▶ ABOUT THIS EXERCISE
Go to the line with "Pop Face glass" in the entries below and write out every line from there through the line with "woman kneeling holding her knee in pain", exactly and without pictures.

▶ RECORDS FOR THE EXERCISE
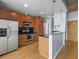 Open kitchen with stainless steel appliances, dark countertops, and a breakfast bar at 923 Peachtree Ne St # 1334, Atlanta, GA 30309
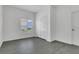Bedroom with wood-look flooring, double closet and a window with plantation shutters at 1731 Knotting Hill Dr, Orlando, FL 32835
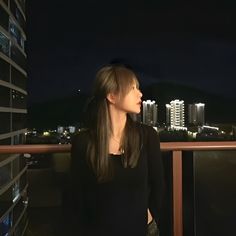 a woman standing on top of a balcony next to a tall building at night with city lights in the background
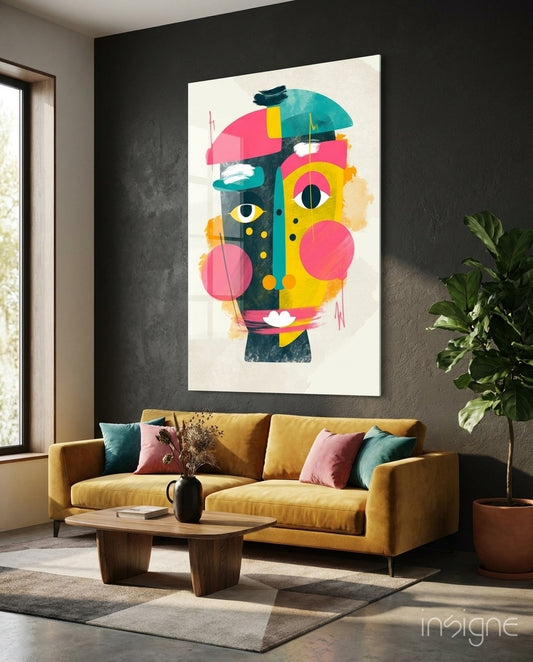 Pop Face glass wall art displayed above a mustard velvet sofa in a charcoal-walled lounge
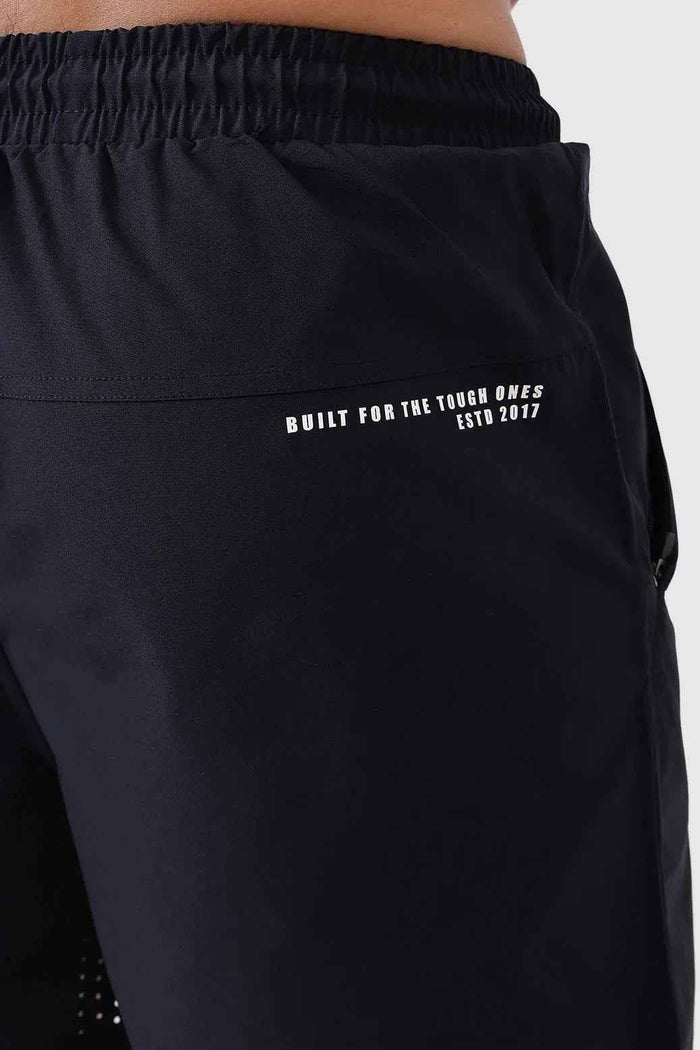 Black Nova Shorts by Fuaark Nz laid flat, showcasing their stylish design and comfortable fit in a casual fashion setting.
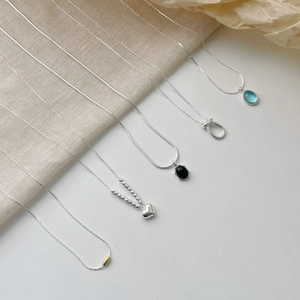 Elegant S925 sterling silver necklaces featuring heart and black agate pendants on linen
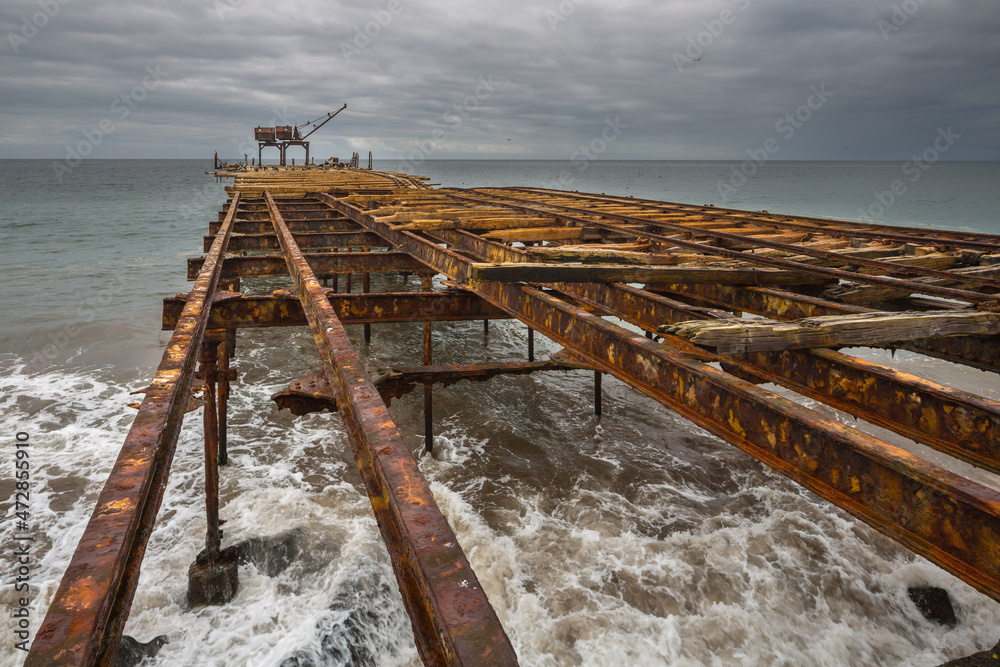 Old dilapidated pier in the port of Taltal from the nitrate era in the Atacama desert, Chile
Old dilapidated pier in the port of Taltal from the nitrate era in the Atacama desert, Chile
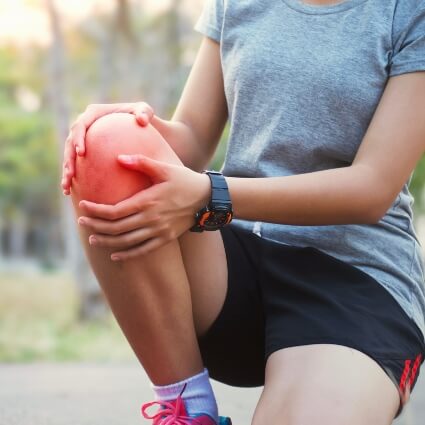 woman kneeling holding her knee in pain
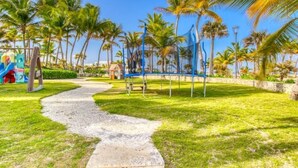Un sendero conduce a un parque infantil con un tobogán y estructuras para escalar, rodeado de palmeras y un cielo despejado.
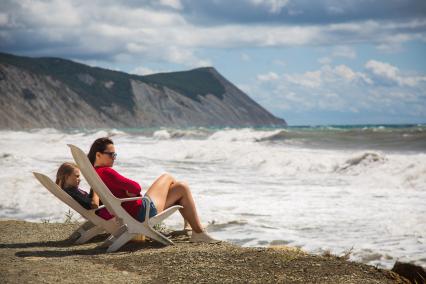 Анапа. Женщина с девочкой сидят на шезлонгах на берегу Черного моря в районе Высокого берега.
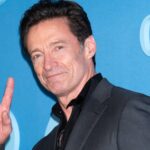 Hugh jackman makes a peace sign at the red carpet of the death of robin hood.jpg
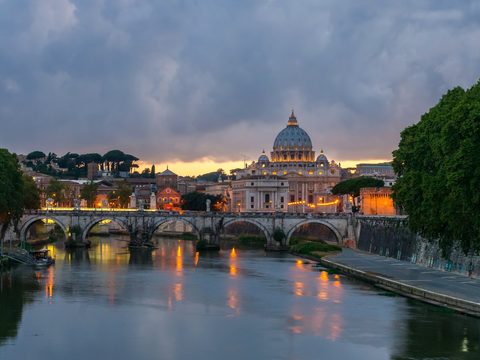 Ponte Sant'Angelo over the Tiber in Rome at dusk, with the dome of St. Peter's Basilica behind
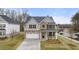 Two-story home with brick and siding, gray trim, and a two-car garage at 13218 E Tolstoy Se Drs, Covington, GA 30014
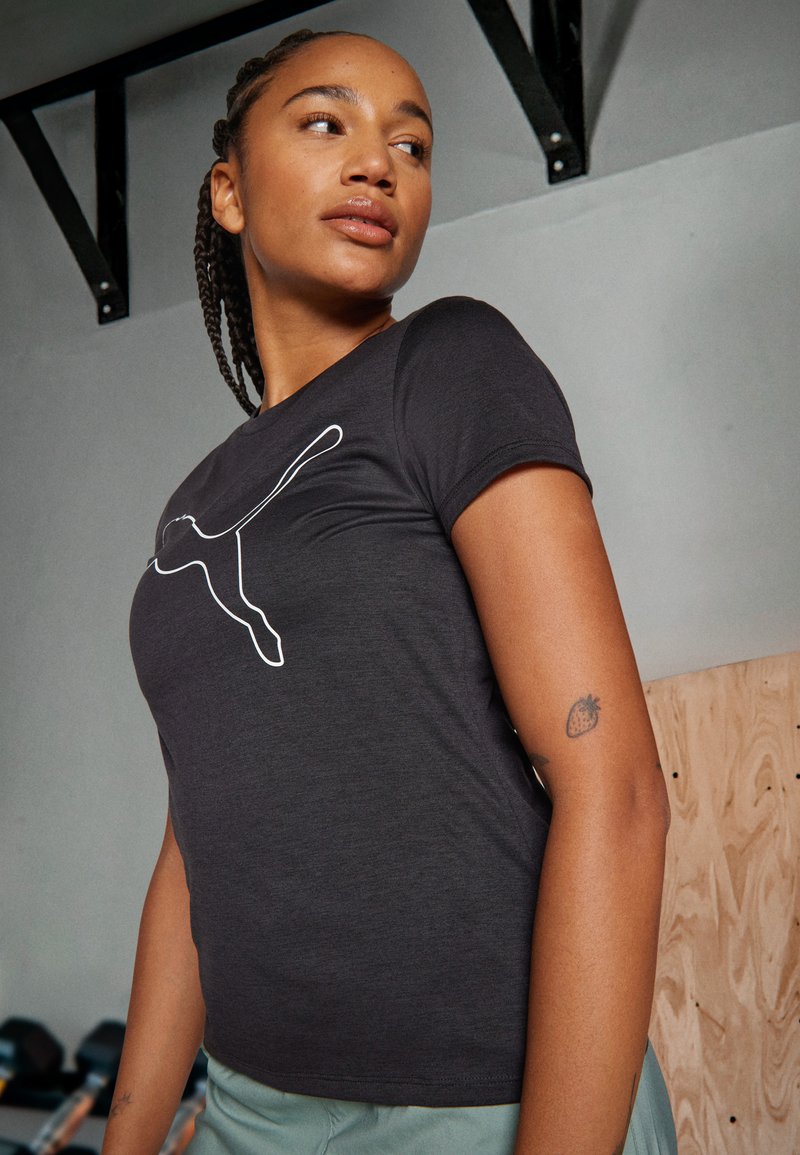 Tricou negru ajustat cu mâneci scurte, având un logo alb Puma pe partea din față. Textură netedă, purtat cu pantaloni de culoare verde deschis.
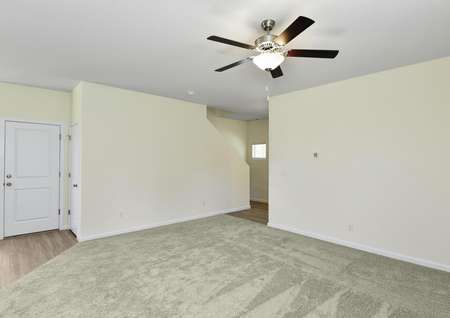 Spacious family room with carpet and a ceiling fan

▶ YOUR RESPONSE
 Pop Face glass wall art displayed above a mustard velvet sofa in a charcoal-walled lounge
 Black Nova Shorts by Fuaark Nz laid flat, showcasing their stylish design and comfortable fit in a casual fashion setting.
 Elegant S925 sterling silver necklaces featuring heart and black agate pendants on linen
 Old dilapidated pier in the port of Taltal from the nitrate era in the Atacama desert, Chile
Old dilapidated pier in the port of Taltal from the nitrate era in the Atacama desert, Chile
 woman kneeling holding her knee in pain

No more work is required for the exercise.